Every line of the material is to be returned verbatim. Pictures stay out.

▶ **Information shown**:
== Segment start ==
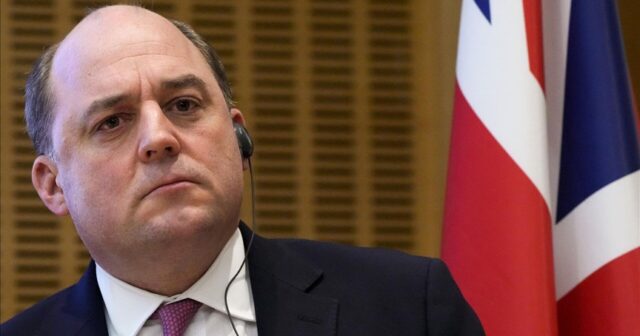 Britaniyanın keçmiş müdafiə naziri AXTARIŞA VERİLDİ – FOTO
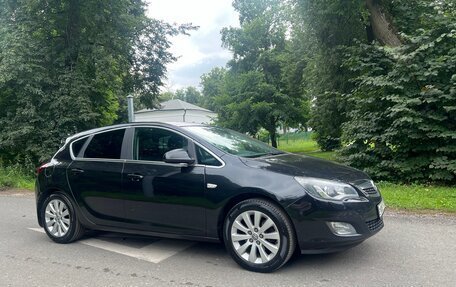 Opel Astra J, 2011 год, 650 000 рублей, 3 фотография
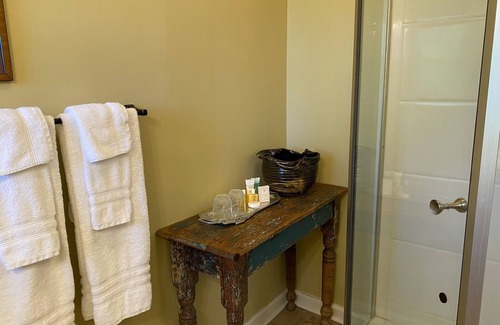 Aiken Bed & Breakfast | The Cardinal Room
== Segment end ==
▶ **Response below**:
 Britaniyanın keçmiş müdafiə naziri AXTARIŞA VERİLDİ – FOTO
 Opel Astra J, 2011 год, 650 000 рублей, 3 фотография
 Aiken Bed & Breakfast | The Cardinal Room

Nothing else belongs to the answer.